How to work with large CSV files efficiently
· Category: Data Science
Short answer
Large CSV files can exceed available RAM; processing them efficiently requires chunking, type optimization, or distributed frameworks.
Steps
- Estimate file size and memory requirements before loading.
- Use chunksize in pd.read_csv to process files in manageable fragments.
- Specify dtypes explicitly to prevent pandas from inferring expensive object types.
- Load only necessary columns using the usecols parameter.
- Consider Dask or Polars for out-of-core or parallel processing.
Tips
- Compress output files to reduce disk I/O and storage costs.
- Index important columns after loading to speed up downstream queries.
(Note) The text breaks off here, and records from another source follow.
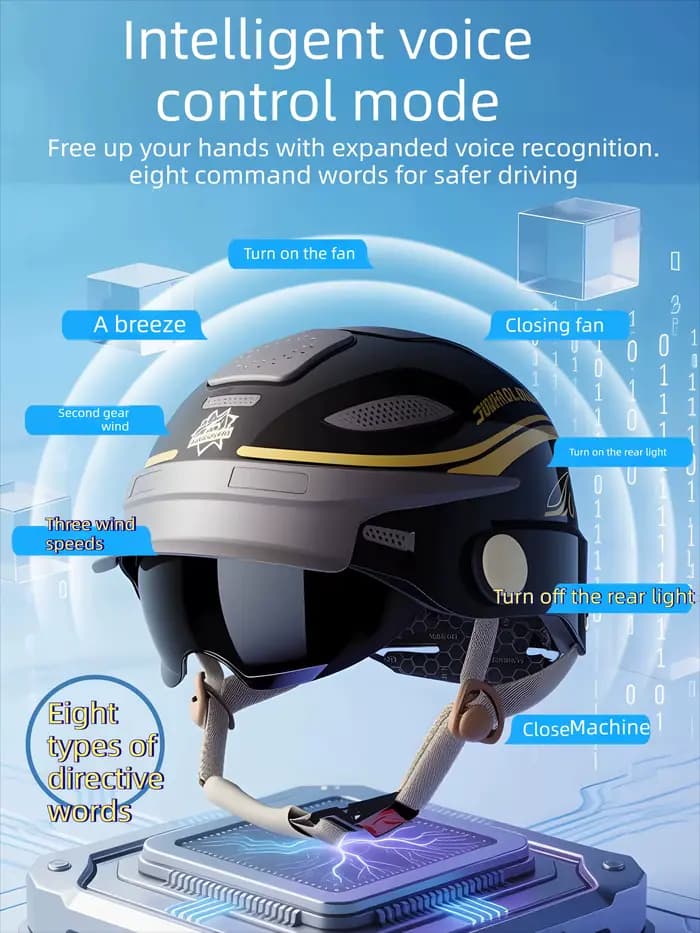 Nouveau casque demi-intégral intelligent respirant pour l'été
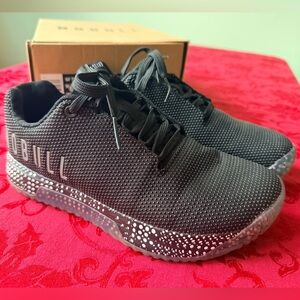 NOBULL Women’s Black with White/Black Bottom Athletic/Lifting Shoes Sz 8 w/ Box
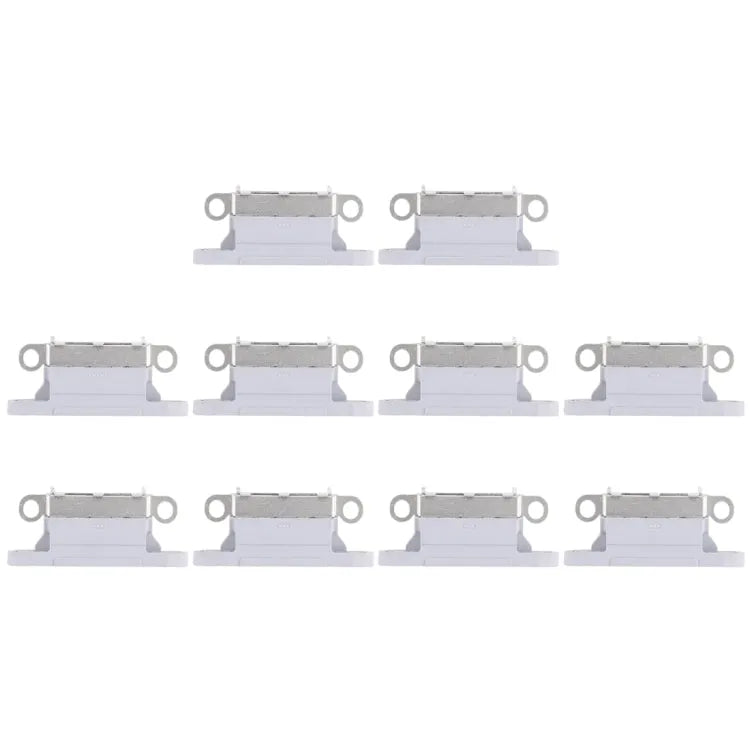 10 stuks oplaadpoortconnector voor iPhone X (grijs)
- Profile peak memory usage with tools like memory_profiler.
- Convert to Parquet after initial cleaning for faster future reads.
Common issues
- Parser errors due to malformed rows or inconsistent delimiters.
- Memory spikes when concatenating many chunks without freeing intermediates.
- Slow performance from repeated string parsing in object columns.
- Encoding issues causing UnicodeDecodeError on large files.
Example
import pandas as pd
import numpy as np
df = pd.DataFrame({'sales': [100, 150, 200, np.nan]})
df['sales'] = df['sales'].fillna(df['sales'].median())
print(df.describe())
This snippet creates a DataFrame, handles a missing value with the median, and prints summary statistics common in exploratory analysis.